The Jira migration was completed last month and we have (we hope for good) taken down the old Atlassian services. This was a time-consuming but ultimately necessary project, and while losing federated access is unfortunate it will certainly mean less upkeep for us in the long run. Getting people access has been a little bit of extra work, but doesn’t seem to impose much of a barrier for anybody so far.

Several more infrastructure projects are underway:

  • Migration of core services off of CentOS to (proposed at least) Rocky Linux, if it holds up.

  • Documenting as much of our project infrastructure as we can.

  • Hopefully dockerizing and offloading Jenkins from the main server.

  • Eliminating our need for an LDAP service for committers.

  • Moving to a simpler Nexus deployment model.

Obviously new development is going more slowly with all this underway, but it’s been a good year to “pause” a lot of new work anyway with V4.1 representing such a significant change and with the OIDC support shipping.

We do have (or will have shortly) patches for the Duo and OIDC plugins with some minor fixes.
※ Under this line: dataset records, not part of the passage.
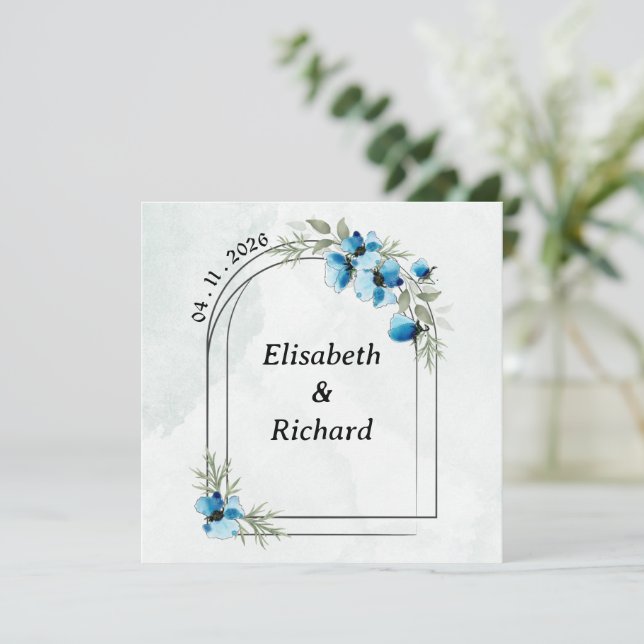 Invitación Invitation "Fleurs bleues" (Anverso de pie)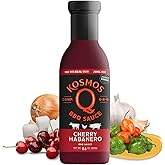 Kosmos Q Cherry Habanero BBQ Sauce, Sweet & Spicy Barbecue Sauce with Tart Cherries & Habanero Heat for Ribs, Pork, Chicken, & Brisket, BBQ Glaze with Real Sugar & Cherry Juice, Gluten Free, 15.5 Oz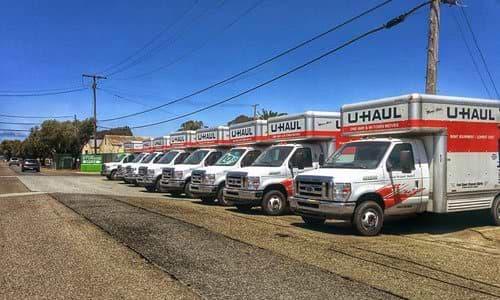 Commercial trucks parked at Island Park Storage on Treasure Island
Work also continues on the OIDC proxying support.

Longer term, a clearer picture is starting to emerge on the Java 17/Spring 5/Jakarta EE 9 story. We have been tracking Java 17, and we expect to able to support it officially for IdP V4 shortly after it goes final this month. With the removal of Javascript support, one of our scripting plugins will be necessary for most deployers when using Java 17, but those are ready for use as well. Note that we have no plans to test IdP V3 on Java 17 and do not know if it’s functional there.

A preview of Spring 6 is expected to be available late this year with the final release not expected until Q4 2022, and once this drops we will be setting up a test branch of IdP V4 using it to make sure we are on track to support it, which will necessitate moving all our javax.servlet references to the jakarta packages. We will have to make sure all our dependencies have also made this move, or find alternatives. One of the open questions we have not answered yet is the status of Spring Web Flow. Conservatively speaking, we’re expecting we may have to adopt that code ourselves.
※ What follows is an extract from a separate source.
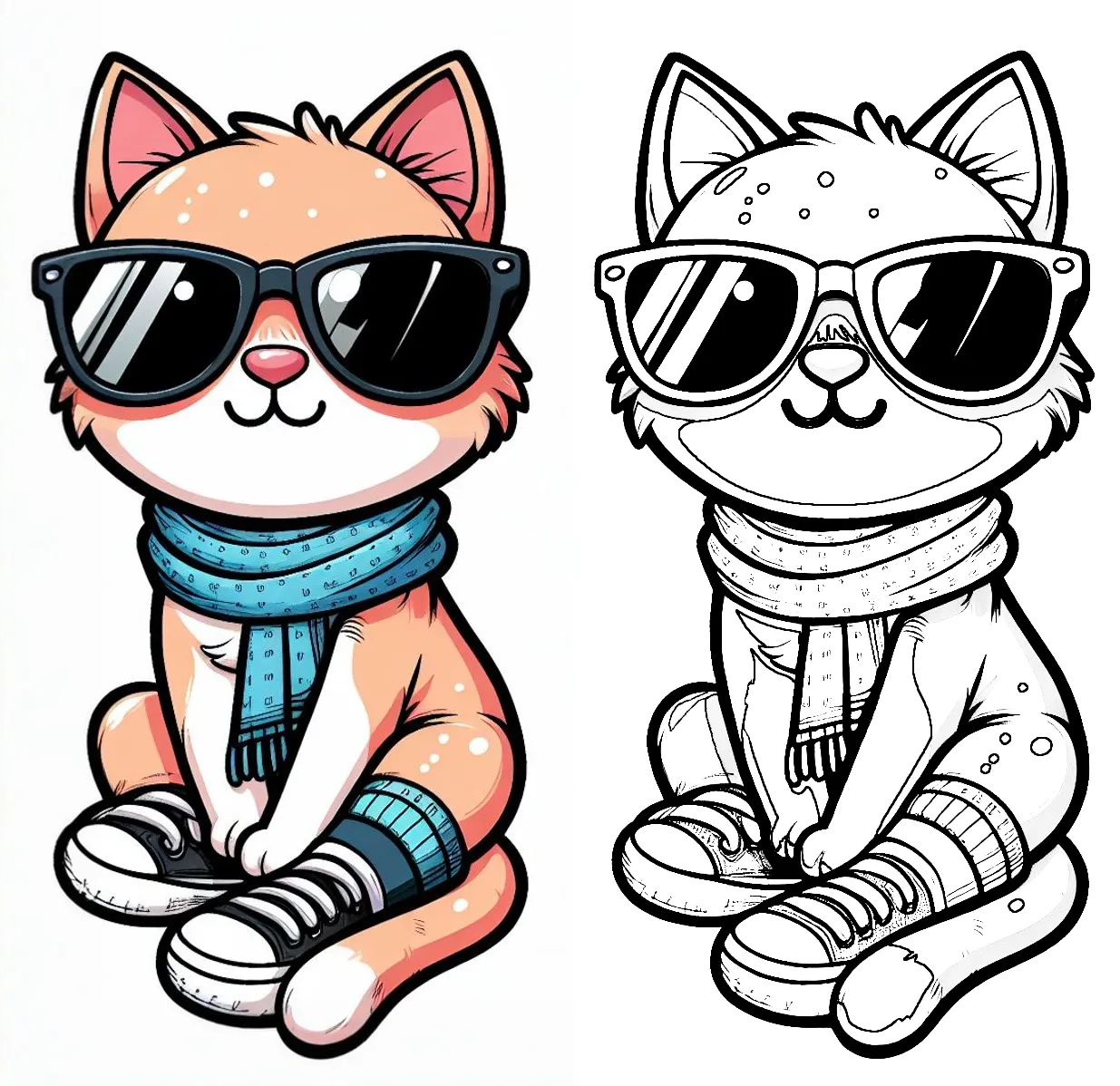 Cat with Sunglasses, Sneakers and Scarf 😎🐱👟🧣 Coloring Page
Jetty has already delivered Jetty 10 and 11 that support Java 17 and the Java EE 8 and Jakarta EE 9 specs respectively. Moving to Jetty 10 is expected to future-proof most deployments, so we will be prepping documentation for that (we have existence proofs that it works). The expectation is that moving to Spring 6 and Java EE 9 will involve a “side-grade” of Jetty to 11, with no configuration changes necessary.

Thus, our tentative plan right now is that IdP V5 is likely to be deferred until late 2022 or early 2023, with a move to Java 17, Spring 6, and Jetty 11 as the baseline components at that time. Moving to Java 17 and Jetty 10 in the short run are expected to facilitate that eventual upgrade. We will most likely deliver at least one core update to V4.2 between now and then, but nothing urgent is driving that for the moment.

Note that we are not tracking Tomcat in the same amount of depth yet, but it would appear that Tomcat 10 would be the Jakarta EE 9 container needed for IdP V5.

On the SP side, OpenSSL 3.0.0 just dropped today, so that is the signal for work to start on getting an SP 3.3 underway that will support that version and include some deprecation warnings that indicate features that might be at risk in a future redesign. We are not guaranteeing that anything we warn about will be removed, but we likely won’t intentionally remove any features that we don’t warn about unless we hit something unavoidable.

The 3.3 release will be dropping official support for macOS and SUSE Linux, though all newer SUSE releases have independently-maintained packages. Because of the work involved and the lack of demand, I don’t plan to continue to maintain the MacPorts package myself, but if somebody wants to assume ownership I can help out with that.

I will be presenting a lot of the information above at CAMP in early October on Monday after the keynote.